InfluxDB vs TimescaleDB

前端考虑

D3? AntV? Grafana

一些设计

  • 几种获得SSL certificate的方式:
    • curl -v google.com
    • openssl s_client -connect google.com:443
    • python内ssl.get_server_certificate查看
  • 检验证书过期
import ssl,OpenSSL
import datetime

domain = 'google.com'

# get SSL Cert info
cert = ssl.get_server_certificate((domain, 443))
x509 = OpenSSL.crypto.load_certificate(OpenSSL.crypto.FILETYPE_PEM, cert)
x509info = x509.get_notAfter().decode("utf-8")

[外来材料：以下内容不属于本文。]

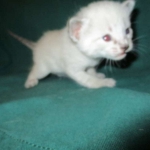 Savannah, F-7B, Snow, Male DOB 6-8-17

expiry_date = datetime.datetime.strptime(x509info[0:8], '%Y%m%d').date()
today_date = datetime.date.today()
expire_window = (expiry_date - today_date).days

print("SSL Certificate for domain", domain, "will be expired in", expire_window, "days, on", expiry_date)
  • 多线程ThreadPoolExecutor,同时把future里的报错提取出来
def job():
    # We can use a with statement to ensure threads are cleaned up promptly
    with concurrent.futures.ThreadPoolExecutor() as executor:
        #results = [executor.submit(syntheticscheck, URL) for URL in URL_LIST]
        # Start the syntheticscheck operations and mark each future with its URL
        future_to_url = {executor.submit(syntheticscheck, URL):URL for URL in URL_LIST}
        for future in concurrent.futures.as_completed(future_to_url):
            url = future_to_url[future]
            try:
                data = future.result()
            except Exception as exc:
                logger.error('%r generated an exception: %s' % (url, exc))
    memoryUse = ps.memory_info().rss
    print (pretty_memory_size(memoryUse))
  • schedule library解决定时查询的问题 (记得启动时schedule.clear())
  • tldextract library解决域名parsing问题
  • logging同时输出在console和日志文件
logger = logging.getLogger()
today_date = datetime.date.today()

#Format log
formatter = logging.Formatter('%(asctime)s - %(name)s - %(levelname)s - %(message)s')
#Create Console handler, add formatter and add to logger
ch = logging.StreamHandler()
ch.setFormatter(formatter)
logger.addHandler(ch)
#Create File handler, add formatter and add to logger
fh = logging.FileHandler(r'./log-%s.txt' %today_date)
fh.setFormatter(formatter)
logger.addHandler(fh)
  • 获取脚本的内存使用状况以及Human-readable
#内存获取
import os, psutil

pid = os.getpid()
ps = psutil.Process(pid)

memoryUse = ps.memory_info().rss
pretty_memory_size(memoryUse)

#阅读友善
def pretty_memory_size(nbytes):
  metric = ("B", "kB", "MB", "GB", "TB")
  if nbytes == 0:
    return "%s %s" % ("0", "B")
  nunit = int(math.floor(math.log(nbytes, 1024)))
  nsize = round(nbytes/(math.pow(1024, nunit)), 2)
  return '%s %s' % (format(nsize, ".2f"), metric[nunit])   
  • psycopg2读写数据库, 如果是写,记得commit()(select命令不需要),同时sanitize input防止SQL注入
#读
import psycopg2

with psycopg2.connect(
    host = "localhost",
    database = "nyc_data", 
    user = "postgres", 
    password = "password"
) as conn:
    with conn.cursor() as cur:
        cur.execute("select * from rides LIMIT 10")
        rows = cur.fetchall()        
        for r in rows:
            print (r)

连接数据库时,也可以用过connection string来连接:

connection_string = "host=localhost user=postgres password=password dbname=nyc_data"
with psycopg2.connect(connection_string) as conn:

写数据库时,可以使用execute_values

import psycopg2
import datetime
from psycopg2.extras import execute_values

connection_string = "host=localhost user=agent password=agentPassword dbname=synchecks"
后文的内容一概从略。